Report of Workforce Planning Action Day 15.4.02



Workforce Planning Action Day 15.4.02

This report is compiled from notes taken during the meeting, is for information only and does not constitute formal minutes. Consequently, I take no responsibility for any inaccuracies, errors or omissions. Opinions expressed within the notes are those of meeting attendees and have been included for completeness. This does not necessarily mean I agree with them.

Mark Butler, HR Director NHS Scotland, opened the meeting by stating that the outcome of the meeting would be an action plan with the next steps and timescales.

Mary Mulligan, Deputy Health Minister, then set the tone for the meeting by saying that the Scottish Executive (SE) was committed to a workforce in the NHS which was the envy of others. The service needs to be able to plan ahead for the next 50 years, and it needs to improve its planning on the size and shape of the workforce. Processes in the past have not been as clear as SE would have liked and any new system needs to be more transparent. There is a need to balance long and short term requirements and the system must be adaptable enough to cope with new techniques requiring new skills and legislative changes such as the Working Time Directive.

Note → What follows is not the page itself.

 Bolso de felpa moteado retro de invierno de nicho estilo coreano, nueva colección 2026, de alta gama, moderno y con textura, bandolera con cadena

3 regional centres are described. There needs to be discussion on the Health Boards comprising each. All stakeholders need to feel they can influence matters and the centre will produce guidelines, not directives. The goalposts have shifted and the focus is now workforce development not workforce planning and numbers. (This shift caused problems for the rest of the meeting.) The idea is to move away from competition between Trusts and Health boards to a complementary basis of working. Partnership is vitally important in this process.

Prof. Gillian Needham, Chair of the Scottish Integrated Workforce Planning Group, then presented a short summary of the SIWPG report.

Mike Palmer presented a short summary of the SEHD response to the report. Workforce planning had changed to workforce development; integrating education and training, recruitment and retention, new ways of working and the impact of service redesign.

In building workforce development capacities, North, East and West regional workforce centres had been suggested. The question of whether they were staffed or existed as virtual centres had not been decided. The consensus of opinion from the responses was for virtual centres. There was also the question of how they engaged with other interests e.g. Local Authorities, education providers and local enterprise companies. Regional outputs would include a regional workforce plan, recruitment and retention strategies, promotion of new ways of working and development of a robust evidence base.

A national workforce unit would guide and co-ordinate the regional centres. It would deal with national workforce planning and recruitment and retention. It would be responsible for linking with other SEHD policies e.g. education and training. It would help develop a national data strategy. A service National Workforce Committee is also to be created.

The key themes described in the responses to the report were

Discussions at this meeting would identify a way forward and there will be a report back to all interests.

The meeting then broke into groups to discuss the regional centres and what was needed now to make them fit for purpose? The responses given at the feedback session are noted below.

At this point in the proceedings, Malcolm Chisolm, Minister for Health and Community Care, arrived and toured the second set of workshops which produced the questions / comments / recommendations listed below.

Information and planning

Prioritising the agenda

There are three key themes –

Information – Health Boards need to buy into the agenda and a common language must be developed. There are too many instances of different titles meaning the same thing and different interpretations of the same title. Service delivery is key to building public and staff confidence and lead to the both groups being able to make informed choices – as long as they are aware of the information.

Investment – The key phrase is having the "right people in the right place at the right time". However, does the service have the right people in the right place to identify that the "right people are in the right place at the right time". There has to be the right balance between work and leisure for staff. There are many staff who enjoy the job but not the intensity at which they have to work. Are proper career paths available? The next generation of workers will not accept 20th Century working patterns. Are staffing levels sufficient? Are staffing levels actually correct with the problem being that the resources are there, but not in the right place?

Inclusivity / partnership – There is a need to build on the Joint Futures partnerships and relationships.

Organisational and Cultural Change

Research and Development

It was noted that the agenda is very large. The information database should probably be the first task to ensure everyone was working in the same way. The shift from workforce planning to workforce development – two quite different things – was causing problems for some of the attendees.

The next step was to put all the information into an action plan. This would be issued by the Health Department with a short time for the service to comment and amend. The actions need to be identified as initial to long term, but the process needs to start as soon as possible.

The Minister, in closing the meeting, stated that the Executive is committed to taking this forward and that any further ideas or comments should be sent to Grant Hughes at the Health Department.

The points from the workshops included above are only those which were presented at the feedback sessions. Many other points were made during the workshops and most of these were captured on flip charts. The points not included in the feedback presentations were nevertheless taken away to be included in the report of the day.